# 60cm New Setup. Low Tech Suggestions!



## hensintheshed (5 Jun 2010)

Hi all! im currently piecing together all the bits needed for a new 60cm setup. I have used tetra complete (in a yellow tub) before and florapol clay powder substrate and would prefer one that doesnt need to be capped with gravel or sand this time round.

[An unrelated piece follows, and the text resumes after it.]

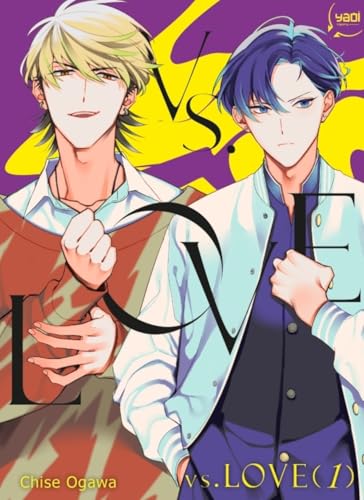 vs.Love von TAIFU COMICS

Has anyone got any suggestions for a low budget substrate. I have been looking into Akadama but dont have all the dry ferts to treat it first!!

Cheers James


----------



## nayr88 (5 Jun 2010)

Hey 

I was after the same, didn't want to cap the substrate, you obviously want something cheap and in a 60cm that's pretty easy, 1 10L bag of colombo flora base will do it, its looks great is loaded with goodness haha and apparently keeps ph stable is good for shrimp ect. I think this is the one to have if you havnt got the money to treat akadamia you won't have ada money haha

Colombo flora base all the way


----------



## verchap (7 Jun 2010)

seachem flourite gets my vote, seeing as its warm outside washing it is almost a pleasure too.


----------



## hensintheshed (20 Jun 2010)

Cheers for the comments, I used aqua essentials and chose Oliver Knotts nature soil! I was going to go for the colombo flora base but changed my mind at the last minute lol


----------